Daniel Prieur, représentant Fançois Sauvadet (UDI-Les Républicains)
Notre région dispose d’un vaste panel de productions diversifiées et sous signe de qualité qu’il nous faut conforter et accompagner. Notre objectif est de construire avec vous une nouvelle politique agricole pour faire de notre région “l’alliance de l’excellence”. Les dispositifs qui sont utiles à la profession seront généralisés, les autres seront revus dans le cadre d’un dialogue constant et d’une évaluation annuelle avec le monde agricole, notamment au travers de l’accord cadre signé avec la chambre régionale d’agriculture et de la conférence régionale agricole. Pour développer les circuits courts, par exemple en restauration scolaire, nous aiderons les organisations de producteurs et les coopératives locales à structurer l’offre et la demande. Par ailleurs, nous souhaitons sortir d’une écologie punitive pour aller vers un système de production durable : il s’agira d’inventer de nouvelles politiques liées au changement climatique. Notre région doit devenir pilote dans l’accompagnement des projets qui permettent la diversification du revenu agricole. A titre d’exemple, un tiers des agriculteurs allemands réalise aujourd’hui une partie de leur chiffre d’affaires hors agriculture, et pour la moitié d’entre eux dans les énergies renouvelables. Les aides européennes seront mobilisées en faveur des investissements productifs et un dispositif d’avance remboursable sera mis en place pour faire face à l’aggravation des charges. Nous devons conserver une agriculture produtive capable de nourrir la population mondiale et capable de s’adapter aux nouvelles habitudes de consommation. n

Christophe Grudler (Mouvement démocrate, Modem)

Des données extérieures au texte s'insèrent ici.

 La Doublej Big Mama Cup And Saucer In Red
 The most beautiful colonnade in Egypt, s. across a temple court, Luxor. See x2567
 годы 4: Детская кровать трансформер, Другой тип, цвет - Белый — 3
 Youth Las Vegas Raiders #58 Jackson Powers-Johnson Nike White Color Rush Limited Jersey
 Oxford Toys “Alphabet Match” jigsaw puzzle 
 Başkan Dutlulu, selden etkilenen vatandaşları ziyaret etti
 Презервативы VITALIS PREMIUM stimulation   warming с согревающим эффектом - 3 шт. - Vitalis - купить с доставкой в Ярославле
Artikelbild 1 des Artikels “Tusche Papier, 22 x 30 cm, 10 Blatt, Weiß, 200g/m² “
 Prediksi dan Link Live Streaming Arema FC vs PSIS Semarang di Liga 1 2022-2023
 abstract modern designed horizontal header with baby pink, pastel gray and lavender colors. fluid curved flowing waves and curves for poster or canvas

L’agriculture est un secteur d’activité majeur de la nouvelle région. En surface cultivée et en effectifs, nous sommes parmi les 5 premières régions de France. Un domaine à développer et à accompagner. Plusieurs agriculteurs sont sur notre liste. Nos propositions visent à :
• Favoriser une meilleure intégration de la filière agricole de la fourche à la fourchette,
• Créer des labels de qualité à forte valeur ajoutée pour maintenir les prix,
• Donner un vrai statut entrepreneurial de l’exploitation agricole permettant une prise en considération des investissements et des charges,
• Conserver une dynamique rurale pour un meilleur équilibre de nos territoires,
• Soutenir les filières courtes de distribution,
• Favoriser l’approvisionnement local des restaurants scolaires,
• Créer une académie agricole régionale privilégiant la recherche et la réflexion sur la Bourgogne-Franche-Comté agricole du XXIe siècle. Nous sommes favorables à l’idée que vous défendez d’une agriculture en équilibre avec son milieu, mais en concertation. Par exemple les retenues d’eau peuvent s’envisager pour sauvegarder les récoltes là où les milieux ne présentent pas de risques. Nous souhaitons, pour favoriser le dévelopement de valeur ajoutée locale, que les agriculteurs aient accès au logiciel Agrilocal qui permet de répondre à des appels d’offre sur un territoire proche.